At the most fundamental level, the cloud is a highly organized set of computing systems. It is composed of familiar resources in the world of computing—such as servers, networks, and storage.
If you’re testing a cloud-based application on a set of blade servers or a database server with storage behind it, you encounter the same familiar technologies you would find in on-site testing—such as microprocessors, memory, and networking.
In this sense, the cloud operates on the same premise as everyday computing. Servers connect to networks and networks connect to storage systems. The result is a platform that runs software applications. It just so happens that those applications are either running a virtual machine or are running web services on a platform that is running on a virtual machine. The
platform could be running a website or it could be running a collection of applications on top of virtual machines. Viewed from this level, the cloud doesn’t change much—until you consider that these things are accessed via the Internet.

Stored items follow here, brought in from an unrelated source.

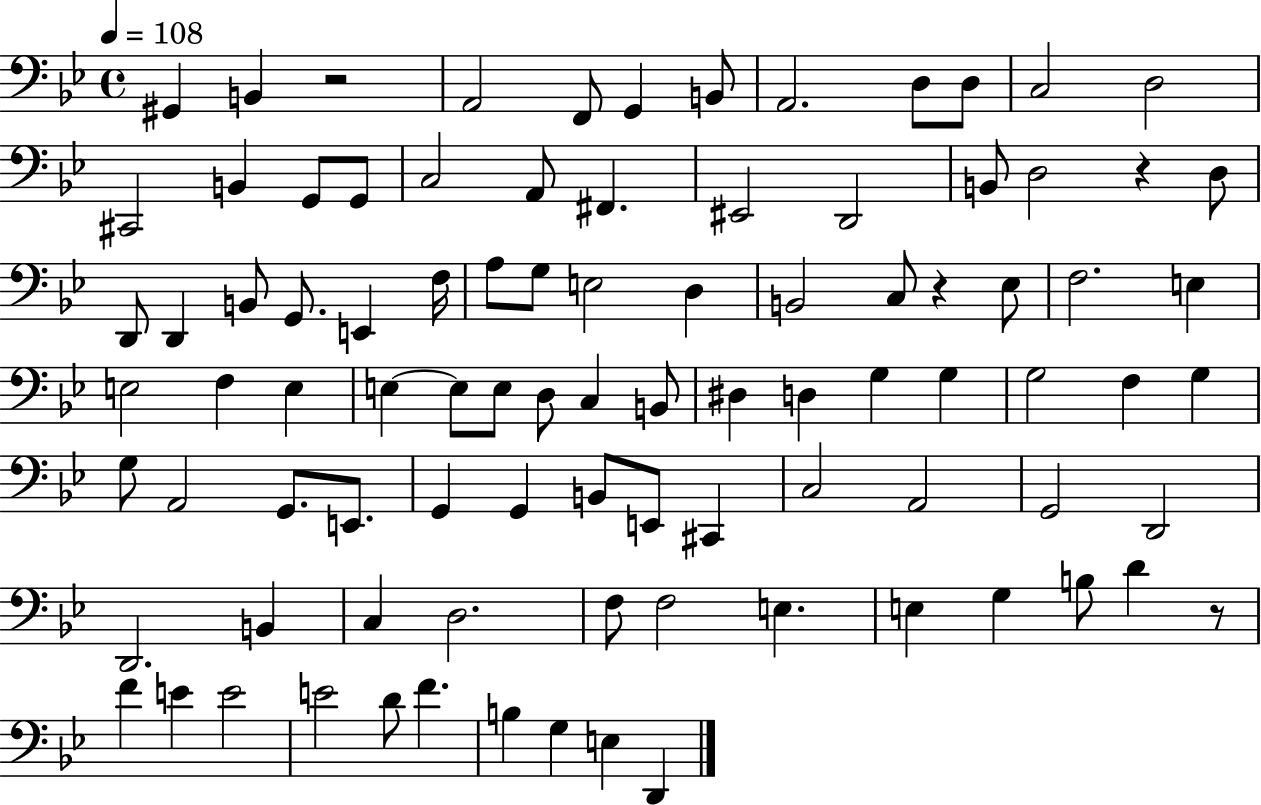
{
  \clef bass
  \time 4/4
  \defaultTimeSignature
  \key bes \major
  \tempo 4 = 108
  gis,4 b,4 r2 | a,2 f,8 g,4 b,8 | a,2. d8 d8 | c2 d2 | \break cis,2 b,4 g,8 g,8 | c2 a,8 fis,4. | eis,2 d,2 | b,8 d2 r4 d8 | \break d,8 d,4 b,8 g,8. e,4 f16 | a8 g8 e2 d4 | b,2 c8 r4 ees8 | f2. e4 | \break e2 f4 e4 | e4~~ e8 e8 d8 c4 b,8 | dis4 d4 g4 g4 | g2 f4 g4 | \break g8 a,2 g,8. e,8. | g,4 g,4 b,8 e,8 cis,4 | c2 a,2 | g,2 d,2 | \break d,2. b,4 | c4 d2. | f8 f2 e4. | e4 g4 b8 d'4 r8 | \break f'4 e'4 e'2 | e'2 d'8 f'4. | b4 g4 e4 d,4 | \bar "|."
}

But the cloud has other interesting aspects for developers and performance testers. The access to the Internet—the bytes that go in and the bytes that come out—is billed on demand and has some instant-on capabilities. When consuming a cloud-based service or cloud-based application, we have unique operational models—such as billing on demand, deploying a virtual machine on demand, and creating a web service on demand.
If your code is ready to go, you can now have an application up and running in minutes and be billing customer transactions almost instantly.
With its on-demand and instant-on capabilities, the cloud offers inherent scalability. That’s implied by the very architecture of the cloud.
With its use of virtualization and web services, the cloud is both elastic and expansive. It will automatically expand itself to meet the demand. This characteristic has far reaching implications for performance testing.